Front loading is simply a productivity tactic of accomplishing more tasks at the beginning of your week rather than the end. Your Fridays will no longer be considered “crunch time”. By forcing yourself to think in crunch mode at the very beginning of the week, you’ll become more focused and less likely to fall victim to distractions.
Stop waiting until the day a project is due to start it. Something due on Friday, should begin to show up on your schedule on Tuesday. This way, you’ll have plenty of time to complete it, as well as revise it later in the week if necessary. You’ll also have the ability to stay on top of projects that take longer than expected, without having to work into the wee hours of the night to complete it.

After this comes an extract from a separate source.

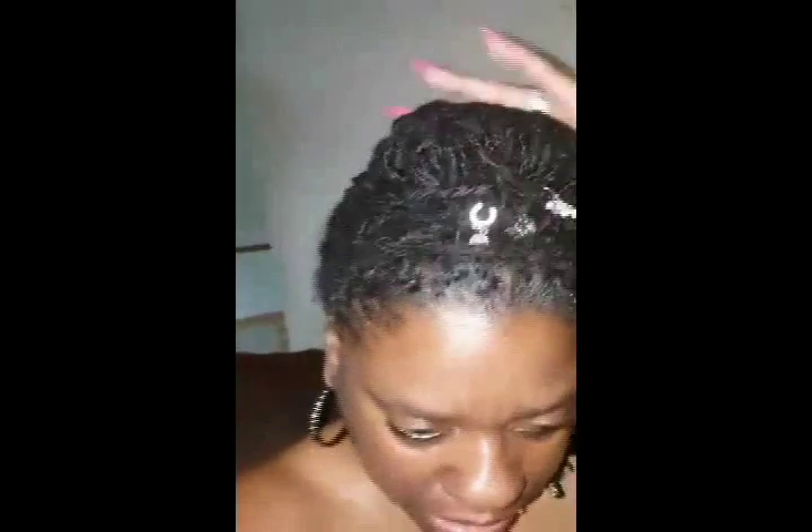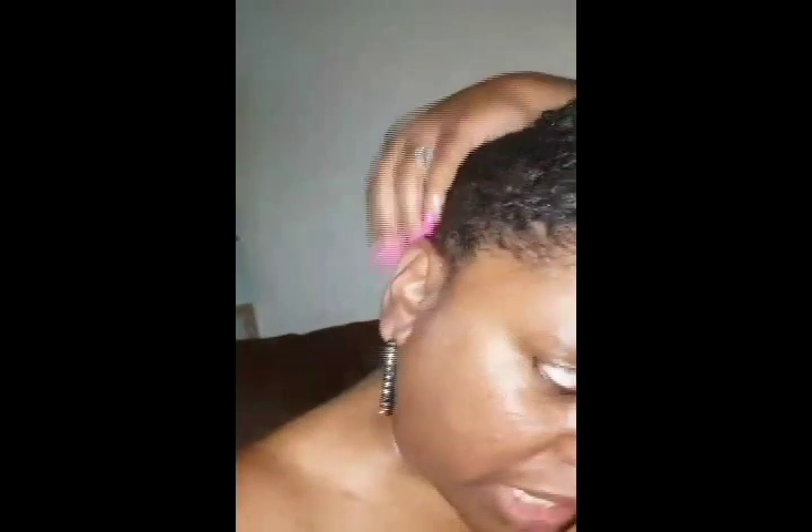What I did was I put it up in a bun. I don't know if you can see it, but I did two string twists and just designed it around the bun. I had this style...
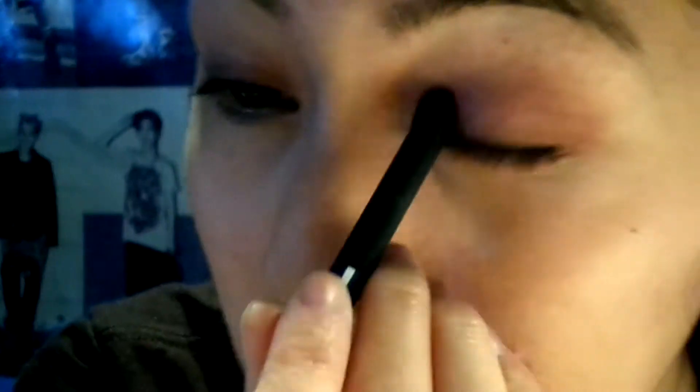Next, I'm taking this pink eyeshadow and placing that in the inner third of my eye. Then, going back with that same blending brush and just blending everything out.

Also, consider scheduling all of your meetings for the beginning of the week. Once you get them over with, it’s smooth sailing into the weekend. On the other hand, if you have your meetings on Thursdays or Fridays, any action items from the decisions you’ve made typically won’t even get started until the following week.

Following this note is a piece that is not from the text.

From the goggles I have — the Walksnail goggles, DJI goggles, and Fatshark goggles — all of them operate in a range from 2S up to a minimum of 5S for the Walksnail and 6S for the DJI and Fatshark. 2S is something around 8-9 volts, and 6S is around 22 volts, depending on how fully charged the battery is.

This simple change in the way you organize your week could greatly increase your productivity. But why stop at the week? You can also front load your day. Aim to get your most pressing tasks accomplished at the beginning of each day and you will no longer find yourself rushing to get things done at 4:55 pm. You already have rush hour traffic to contend with, so make things a little easier on yourself toward the end of the day as a way to reduce overall stress and anxiety in your life.
By accomplishing the big stuff at the beginning of the week, you can afford to encounter less productivity later in the week, minus the guilt.